Think you may have a Sears house? For those interested in finding out more about them, SearsHouses.com maintains a national database of Sears houses in the United States and is always seeking more to add to that list.
The site includes education and information blogs, catalogues, and resources for homeowners who want to check to see if theirs is a Sears home or to include it on the database.
SearsHomes.com accepts only primary-source evidence for authentication. These include, but are not limited to, a mortgage or deed signed by a Sears trustee, a building permit or blueprints with the Sears model number, a shipping label, stamped lumber on the framing materials that corresponds to a model number, paperwork from the purchase, newspaper advertisements that the home is a Sears purchase, or a news story about its construction or financing.
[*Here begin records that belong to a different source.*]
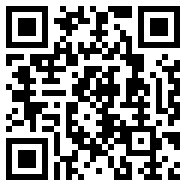 COM.FACEBOOK.KATANA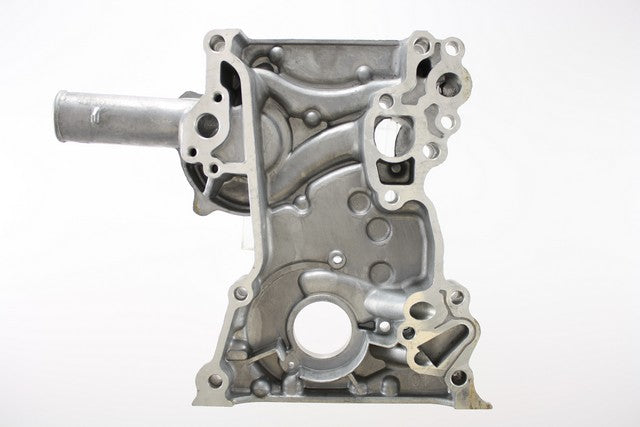 Pioneer Automotive Industries Engine Timing Cover P/N:500220 Fits: Toyota 4runner 95-85, Toyota Celica 1985, Toyota Pickup 95-85 - Image 2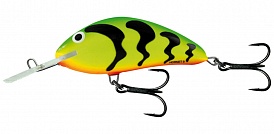 ������ Salmo HORNET PL H 9 F-GT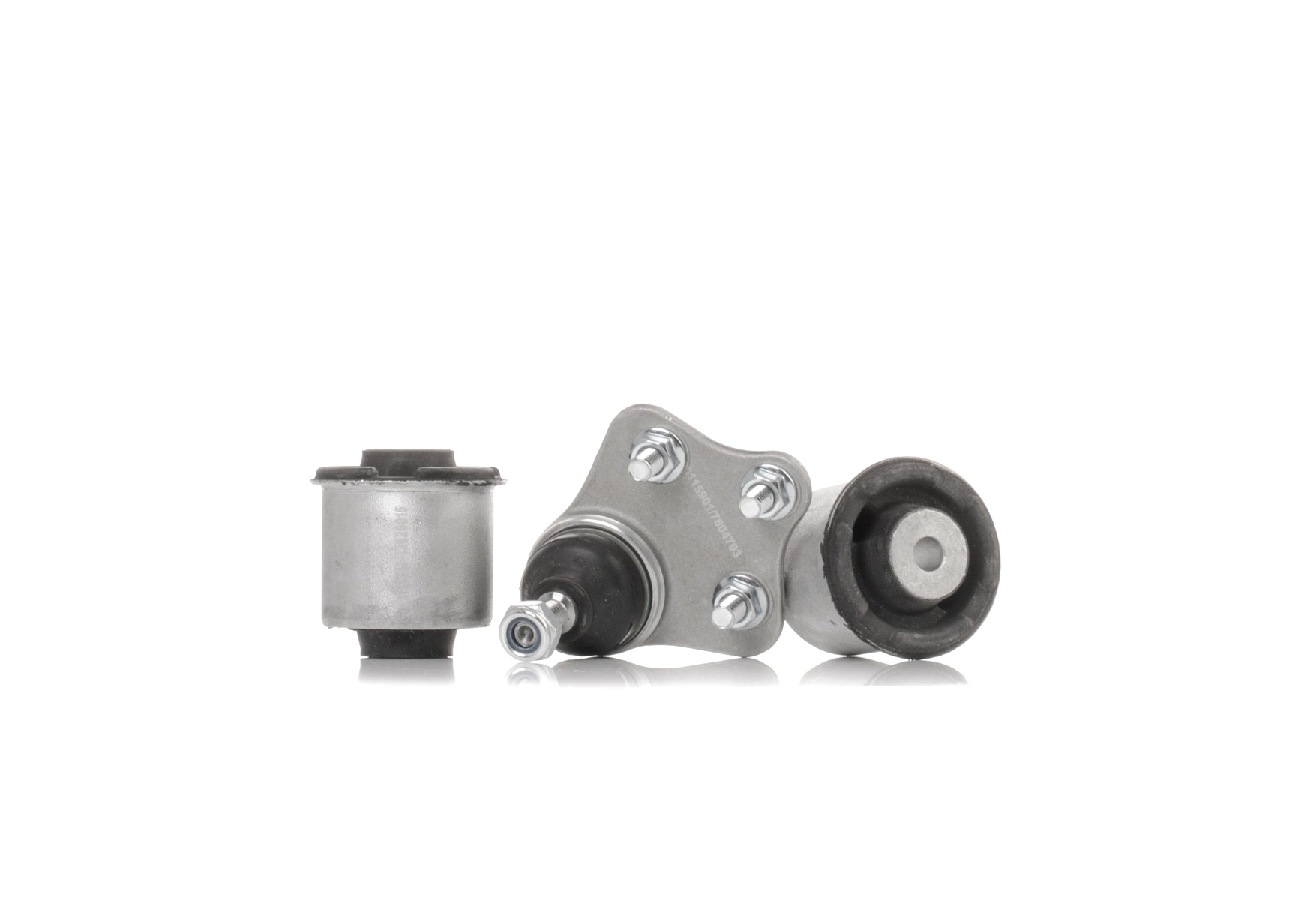 Querlenkersatz STARK SKSSK-1600064 Bewertung
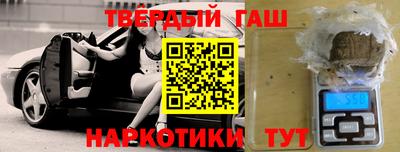 дживик Донской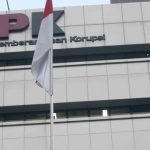 Kasus Suap PLTU Riau 1, Dirjen Minerba Diperiksa KPK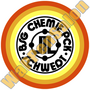 Thumb Bsg Chemie Pck Schwedt   1977 1990
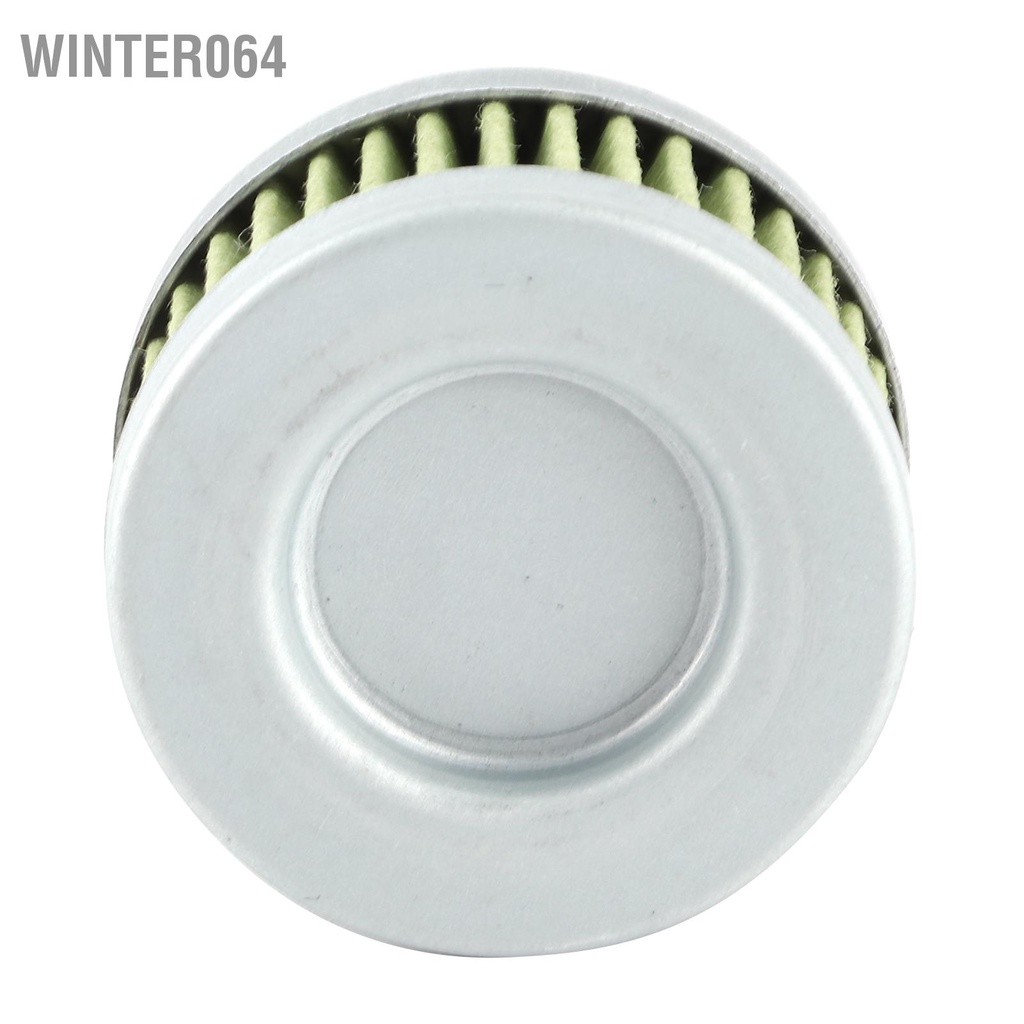 Winter064 Phần tử lọc ABS Phụ tùng thay thế ô tô Phù hợp cho Honda 16911‑ZZ5‑003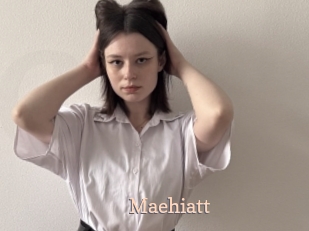 Maehiatt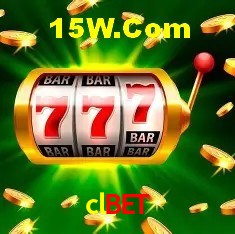 Especiais de Fim de Semana clbet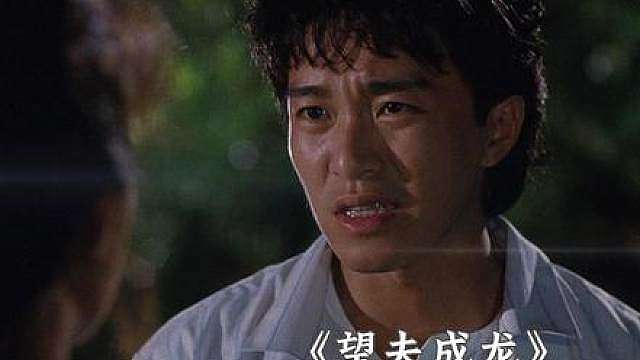 35.“我们一定要珍惜肯陪自己吃苦的女人”
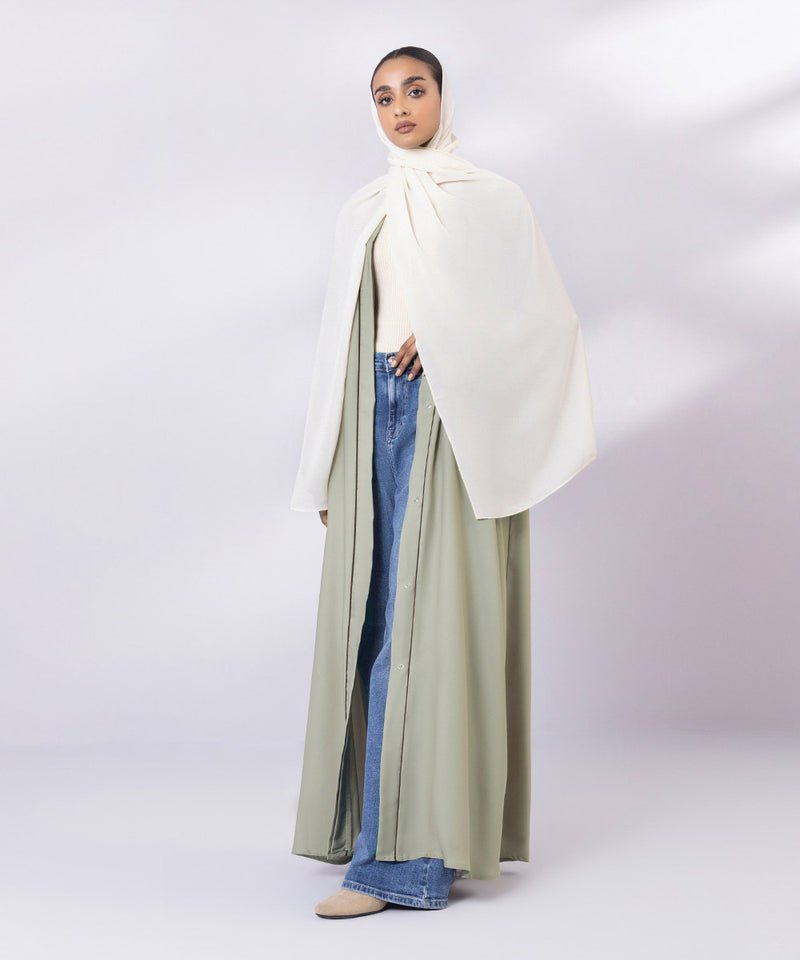 Abbaya | SAPP-ABBAYA000352-SML-999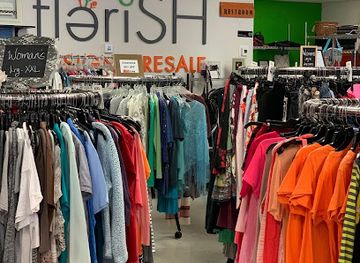 arizona/phoenix/shop/flerish-thrift-gift-cave-creek-rd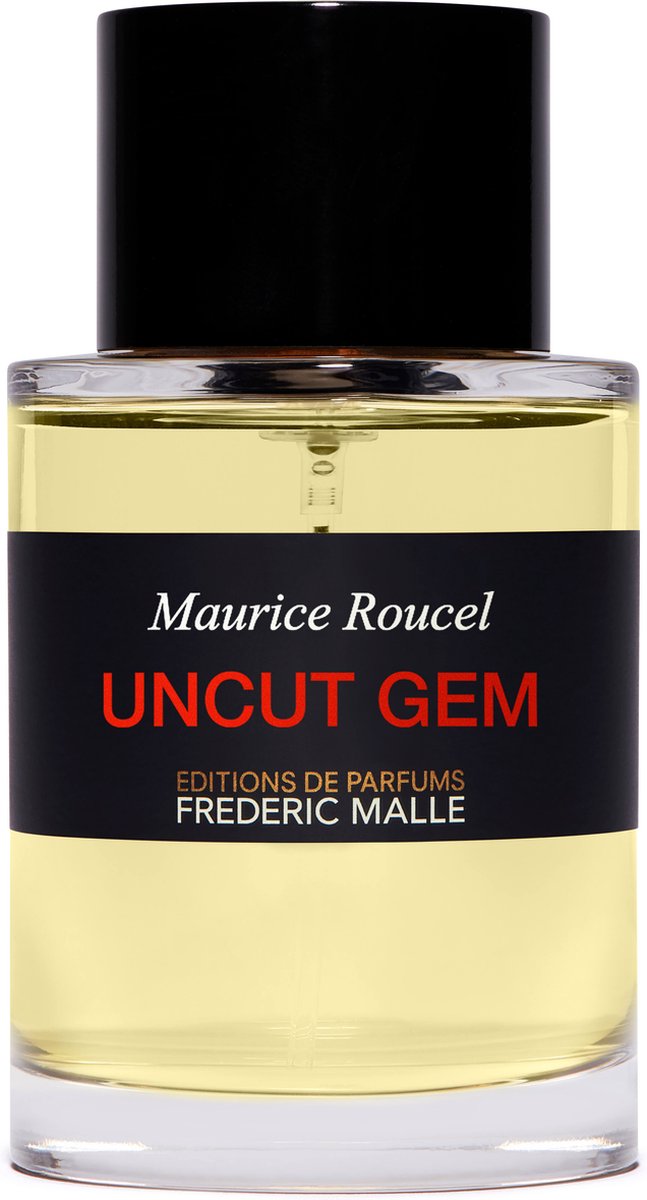Goedkoopste Uncut Gem Eau de Parfum 100ml spray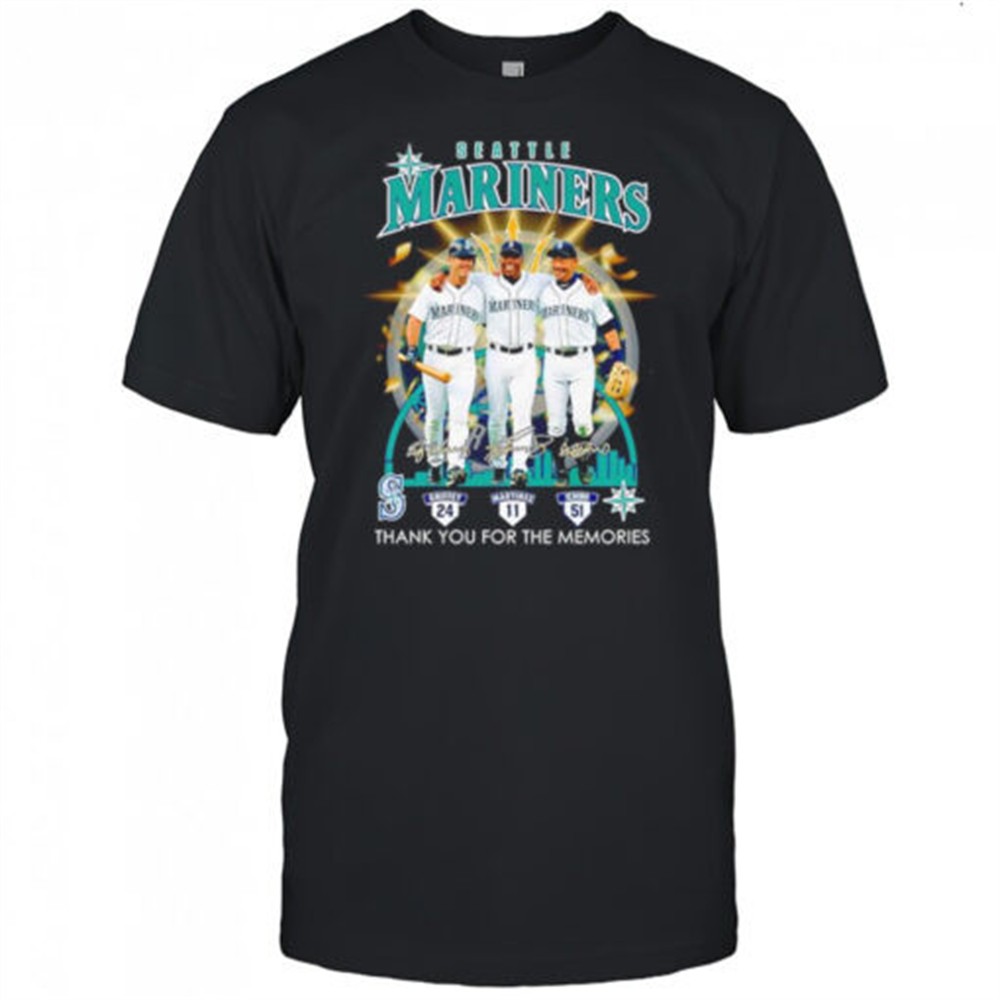 seattle-mariners-thank-you-for-the-memories-shirt-r0glqleg Seattle Mariners thank you for the memories shirt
The organization relies on public support to identify and update its database. Unfortunately, Sears got rid of its records of Honor Bilt Modern Homes sales, so no official list exists.
Its efforts help make resources available for those interested in learning more about this highly successful effort to provide affordable housing to middle-class families during the first half of the 20th century when everything, including the paint and varnish and the kitchen sink, could come from a catalogue.